## EXERCISE PROMPT
In the records below, print each line exactly and leave every image out.

## DATA SECTION
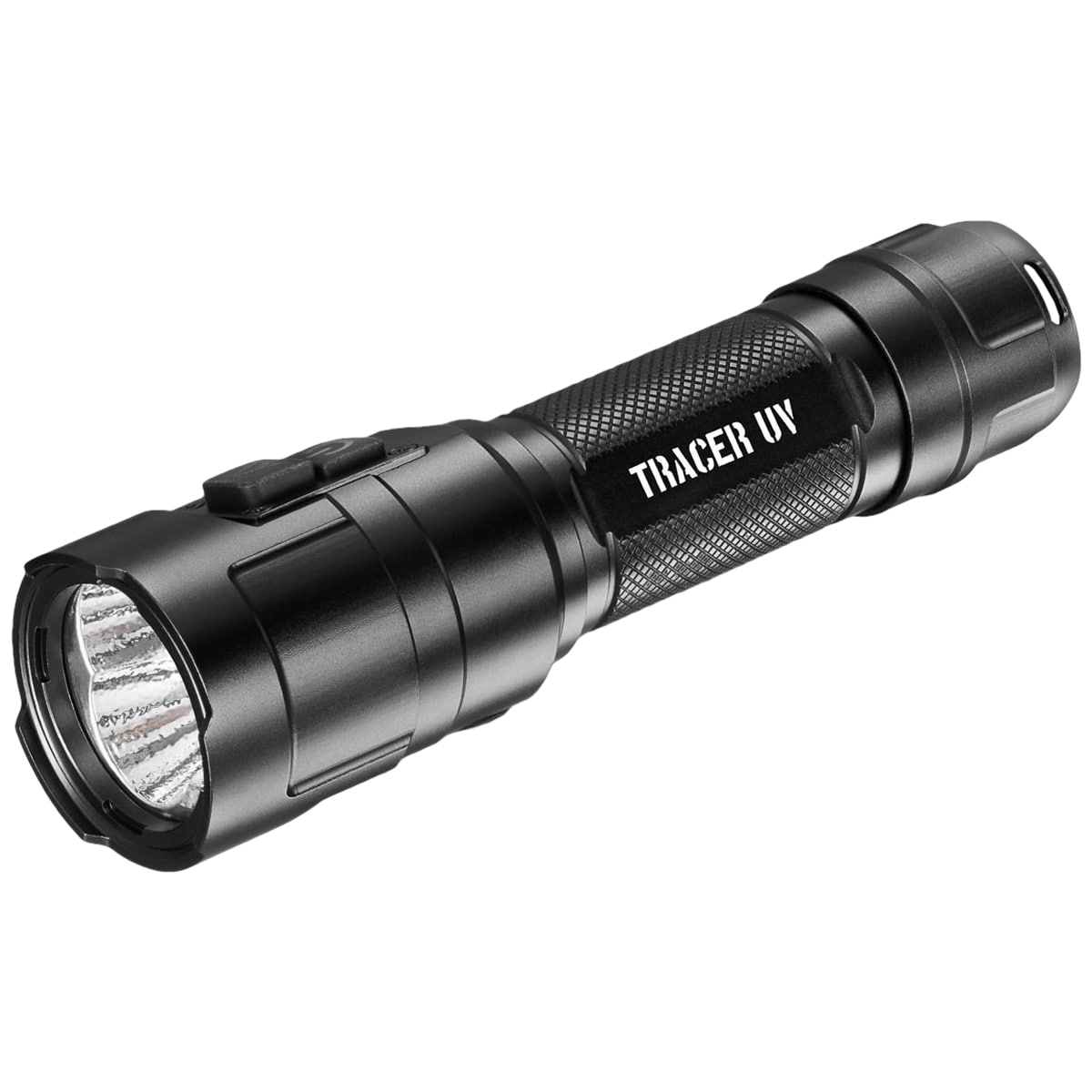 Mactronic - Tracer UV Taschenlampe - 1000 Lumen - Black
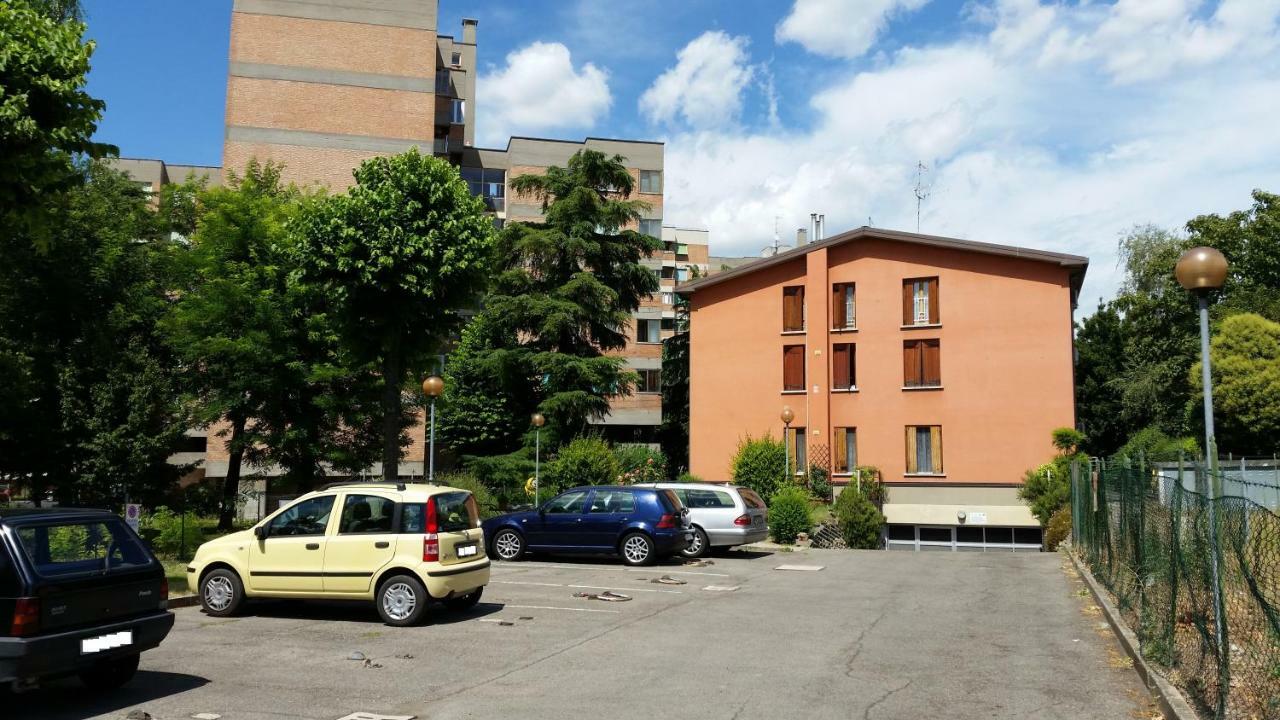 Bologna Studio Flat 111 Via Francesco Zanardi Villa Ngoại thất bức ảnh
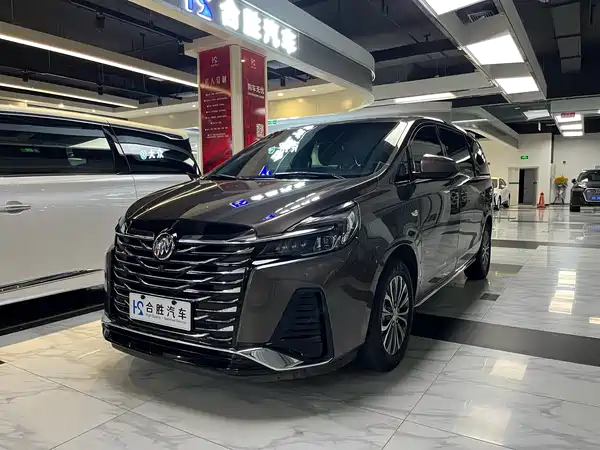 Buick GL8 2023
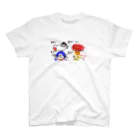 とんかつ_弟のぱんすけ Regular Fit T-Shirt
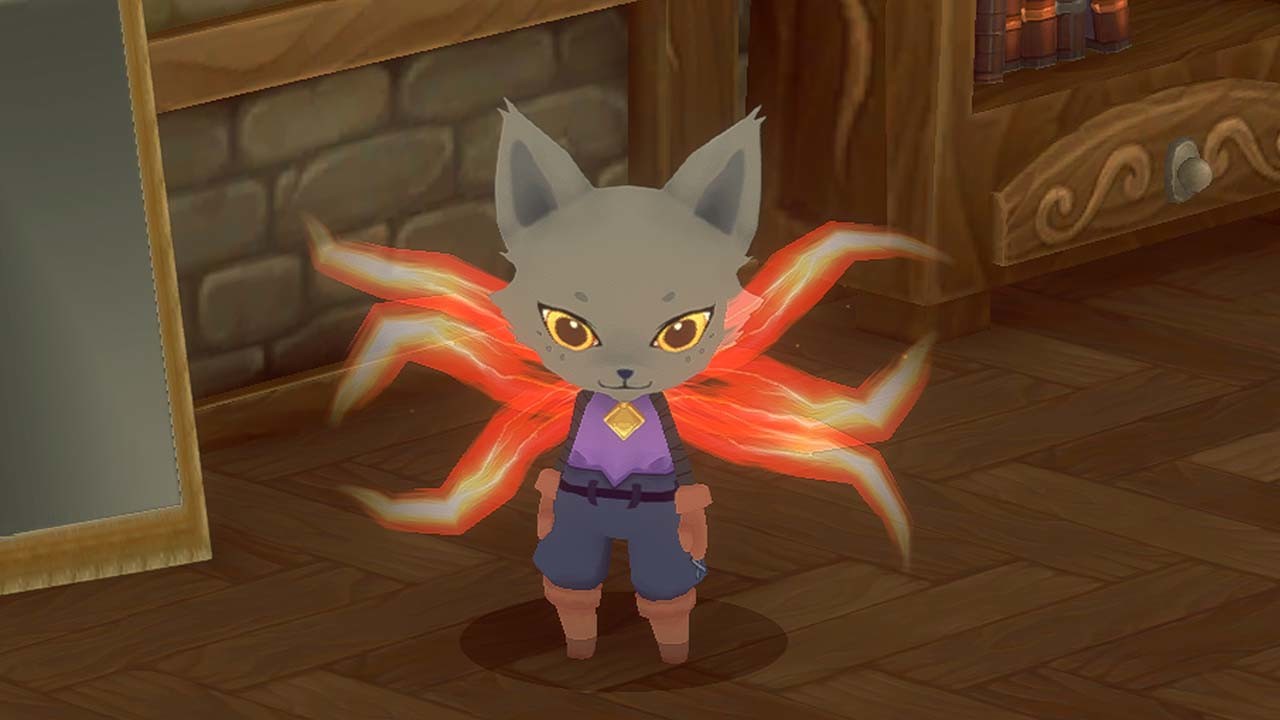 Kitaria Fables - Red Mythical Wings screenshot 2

## ANSWER SPACE
 Mactronic - Tracer UV Taschenlampe - 1000 Lumen - Black
 Bologna Studio Flat 111 Via Francesco Zanardi Villa Ngoại thất bức ảnh
 Buick GL8 2023
 とんかつ_弟のぱんすけ Regular Fit T-Shirt
 Kitaria Fables - Red Mythical Wings screenshot 2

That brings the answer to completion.